Twelve GRRS members journeyed out to Highveld Mushrooms on this Wednesday morning. What an interesting and inspiring visit. John was an exceptional host and we all came away with 3 punnets of the most delicious mushrooms.
The Society visited Adele van Staden’s beautiful garden in Melrose as our first function of 2019. It was a beautiful morning and we all enjoyed walking around the exquisite garden and admiring the roses, hydrangeas and azaleas. We once again had rose blooms in identification bottles and this is proving to be a popular stop at the tea table.
Garden visits are definitely our most popular events.
HERITAGE ROSE SOCIETY FRIENDS IN NATAL
AND THE EASTERN FREE STATE
to have rose friends en route to a holiday in Natal…
Rob and I spent
3 most enjoyable days with William and Clare Meyer on their beautiful property,
Sunset Farm outside Mooi River where they have 2,000 roses – fifty ‘Zulu Royal’
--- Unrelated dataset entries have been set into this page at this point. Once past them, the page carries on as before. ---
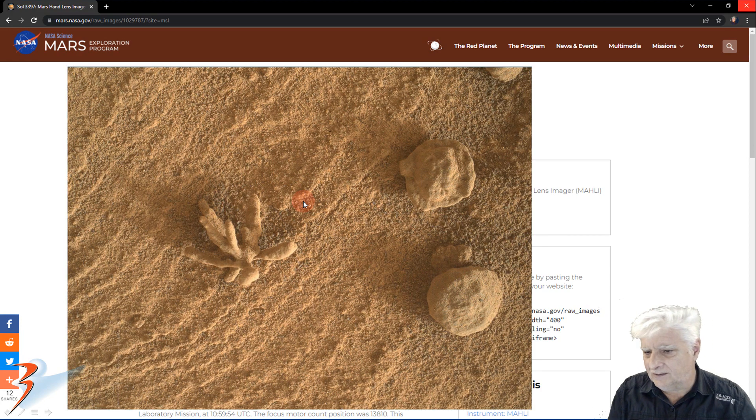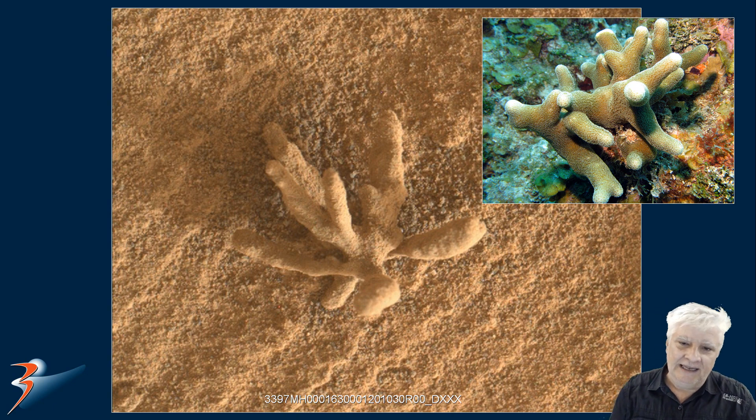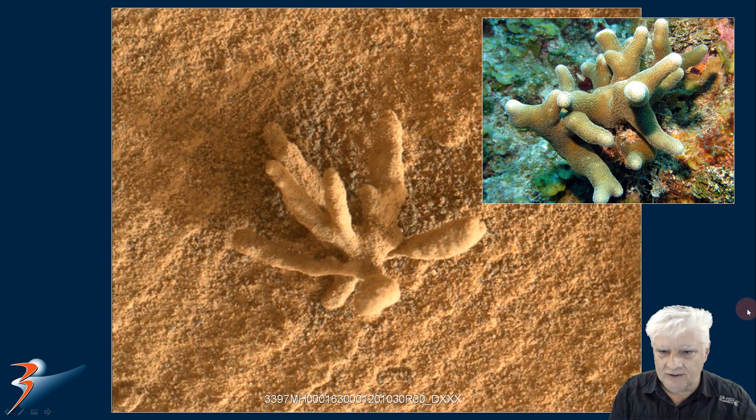I estimate it to be a couple of centimeters across, and it sticks out like a sore finger — pardon the pun. There it is up close, and I compare it to finger coral that we find in the tropical reefs here on Earth. It's also got these strange fingers emanating from a central point, just like we have there. And there it is, enhanced.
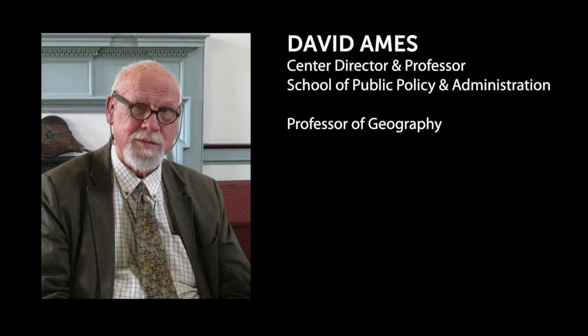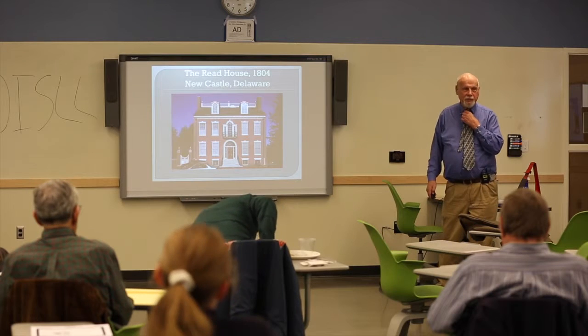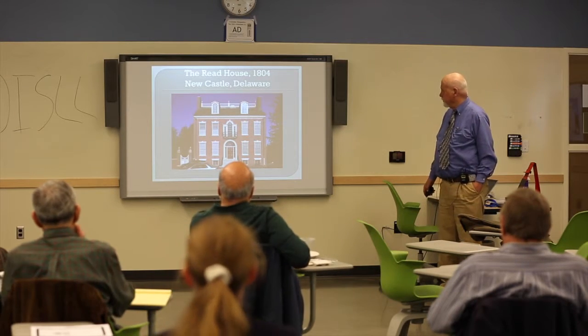David Ames will discuss what it takes to be a national landmark — the Reed House in Newcastle, Delaware. That is the Reed House in Newcastle, Delaware, 1804.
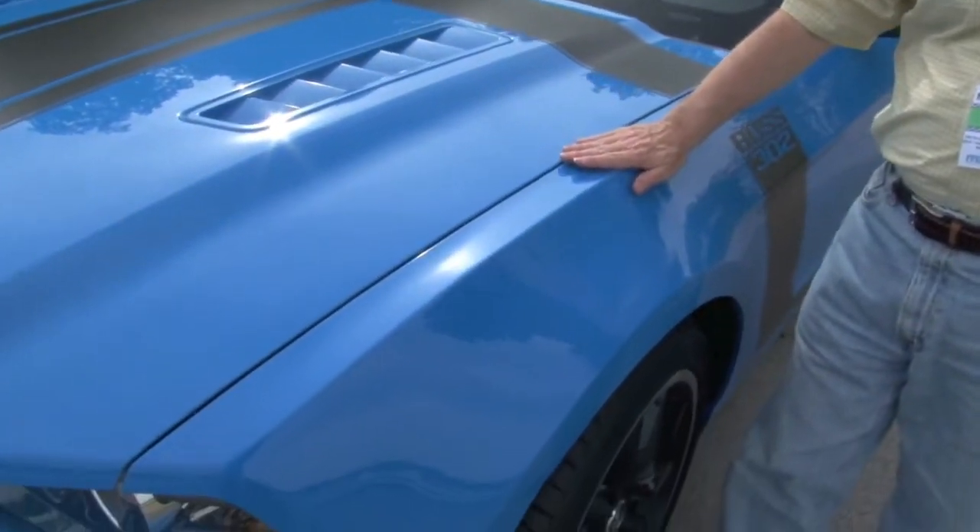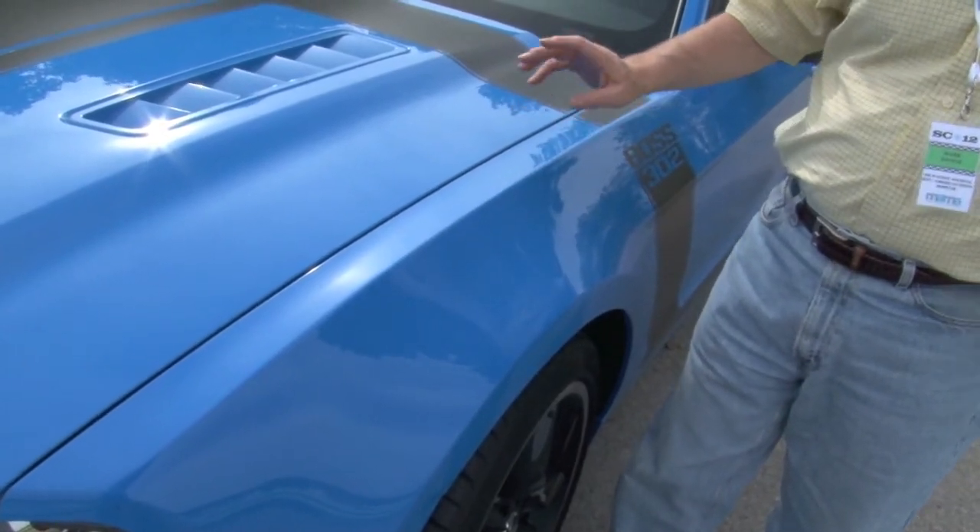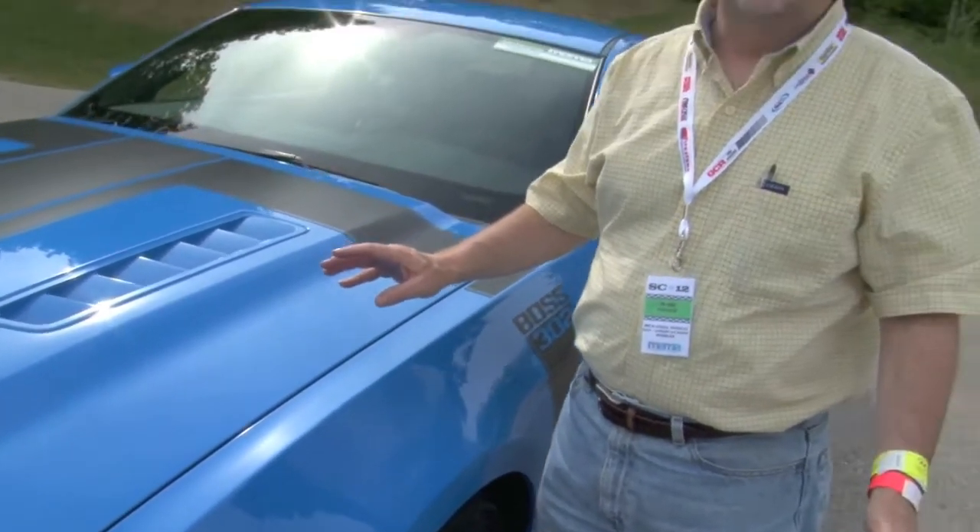Don't want to touch that fender too much because it's hot. We just were out on the track in this — the new 302 Mustang, the Boss. Big name from the 70s, back again now.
up the drive to the entrance to the garden and then an avenue of ‘Icebergs’ in full bloom welcoming guests to
the homestead where the Granny’s by the 100 takeover. Clare has a number of OGR’s and generously
gave me some to take to Rae Gilbert to add to the collection at Bosky Dell. As we left Sunset Farm, on the verge I found
a Rosa Bracteata MacCartney flowering as late as January.
From here Rob
and I travelled through the Eastern Free State hoping to see ‘Clarens
Centenary’, ‘Clocolan’ and ‘Ficksburg’ in the towns of those names. That night was spent with Rosemary and
Gordon Bentley on their farm outside Ladybrand on the way to Maseru. Rosemary joined the HRSSA at its inception in
1998 and has been a regular attendee of conventions ever since, often coming
with Barbara Long, Ingrid Rohde
and Karine de Bruyn. Rosemary kindly invited the others to dinner together with
Pam Parr who immediately joined the society, so there was much reminiscing
about the rose world. Rosemary’s roses
were only just recovering after a drought so there were not many flowering but
she is a keen OGR grower.
How fortunate we are to have such hospitable rose loving
friends round the country.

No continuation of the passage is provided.